Dieses Wachstum sowie klima- und verkehrspolitische Ziele erhöhen den Handlungsdruck. Die Digitalisierung der Schiene ist daher unabdingbar – sie ist erforderlich aufgrund fragmentierter Insellösungen, veralteter Technik, demographischen Wandels und zur Erreichung von Wachstums- und Kapazitätszielen. Digitale Innovationen versprechen, die Attraktivität und Leistungsfähigkeit des Bahnverkehrs zu steigern. Gleichzeitig haben Fahrgäste heute hohe Erwartungen an digitale Services rund um die Buchung und Reise. Die Digitalisierung im Schienenverkehr ist somit kein Selbstzweck, sondern die Antwort auf konkrete Anforderungen der heutigen Zeit.
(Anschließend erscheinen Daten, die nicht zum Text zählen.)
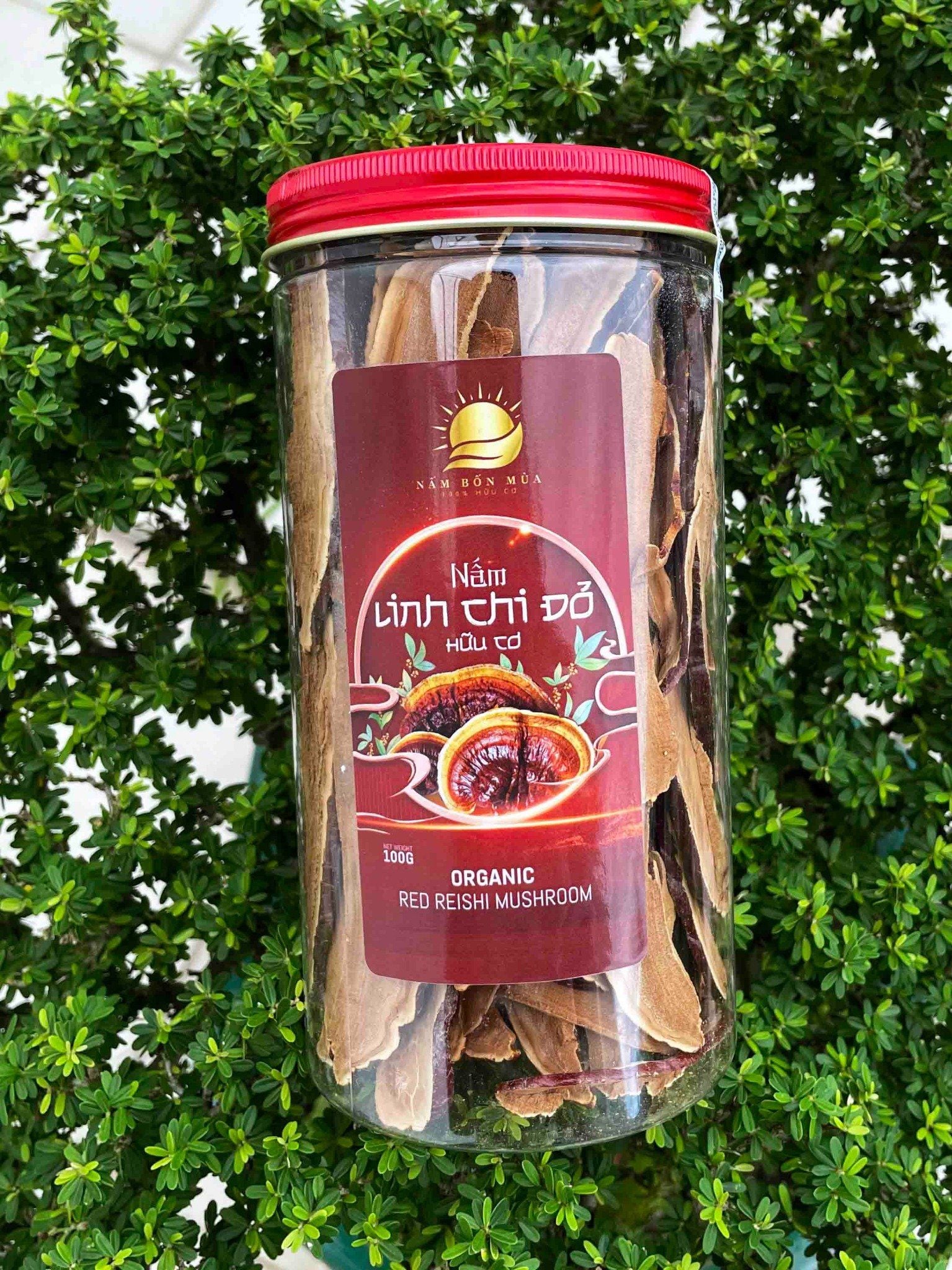 Nấm Linh Chi Đỏ - 100% Nấm Thiên Nhiên, Nguyên Chất, Dược Tính Tối Ưu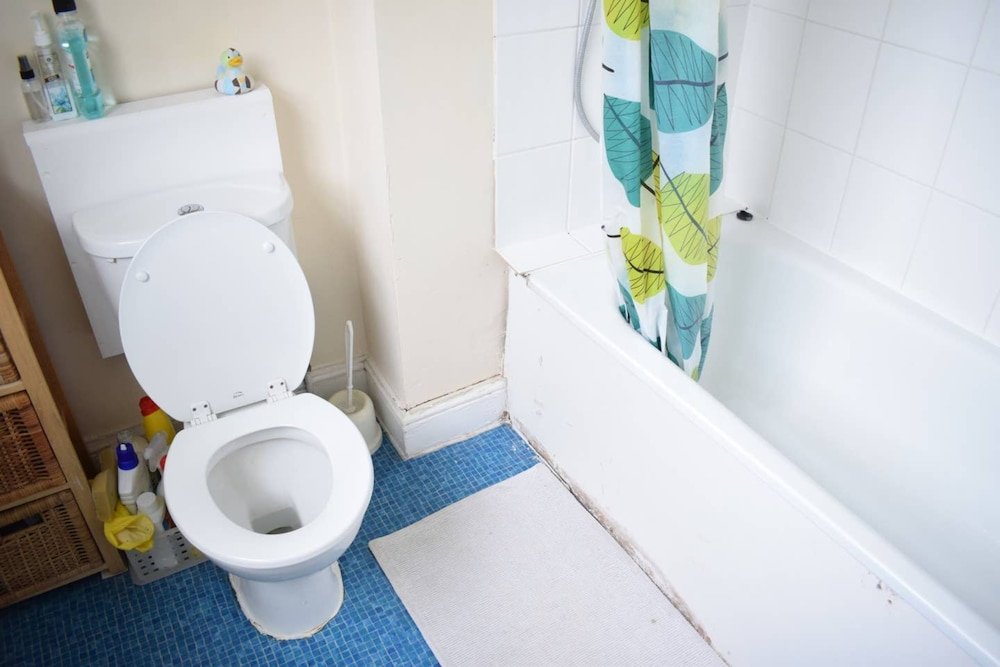 Фото Lovely Victorian Flat for 6 in Stoke Newington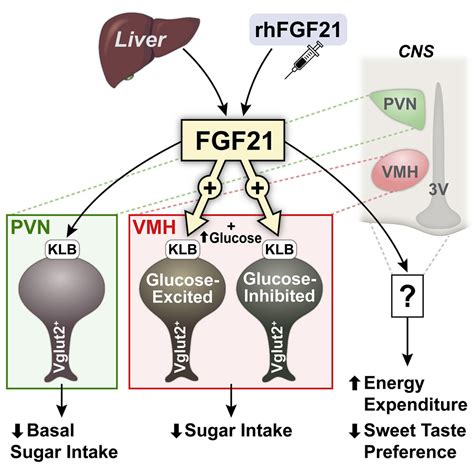 FGF21 Signals to Glutamatergic Neurons in the Ventromedial Hypothalamus ...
241 Milliarden Euro Zug fährt über Brücke
Der weltweite Markt für Bahntechnik wächst bis 2029 auf mehr als 240 Milliarden Euro.
241 Milliarden Euro Zug fährt über Brücke
Der weltweite Markt für Bahntechnik wächst bis 2029 auf mehr als 240 Milliarden Euro.

Asien als Vorreiter, Europa mit Aufholbedarf

Trotz aller Vorteile durch Digitalisierung verläuft die Umsetzung oft langsam – große Teile des europäischen Bahnnetzes arbeiten noch mit konventioneller Technik. Hemmnisse sind unter anderem die hohen Investitionskosten und langen Erneuerungszyklen. Ein Beispiel hierfür: das europaweit einheitliche Zugsicherungssystem European Train Control System (ETCS). Im Jahr 2020 waren erst 14 Prozent des EU-Schienennetzes mit ETCS ausgerüstet; beim aktuellen Tempo werden es bis 2030 nur rund 25 Prozent sein.3 

Regional gibt es beeindruckende Entwicklungen im Bereich der Digitalisierung, mit Asien als Vorreiter. Insbesondere China und Japan investieren massiv in die Digitalisierung des Schienenverkehrs. Sie führen moderne Hochgeschwindigkeitszüge mit fortschrittlichen digitalen Steuerungssystemen ein und profitieren gleichzeitig vom historischen Vorteil einer geringeren Komplexität des Schienennetzes. Die China Railway Corporation nutzt Big Data und Künstliche Intelligenz, um den Betrieb weiter zu optimieren. Dies führte zu einem Rückgang kleinerer Störungen, beispielsweise in der Funktionsfähigkeit von Weichen, und zur Reduzierung von Wartezeiten rund um große Bahnhöfe.4 Japan, bekannt für seine Shinkansen-Hochgeschwindigkeitszüge, setzt ebenfalls auf moderne Signal- und Steuerungstechnologien – neben anderen Einflussfaktoren ein wesentlicher Erfolgsfaktor für die weltbekannte Pünktlichkeit japanischer Züge.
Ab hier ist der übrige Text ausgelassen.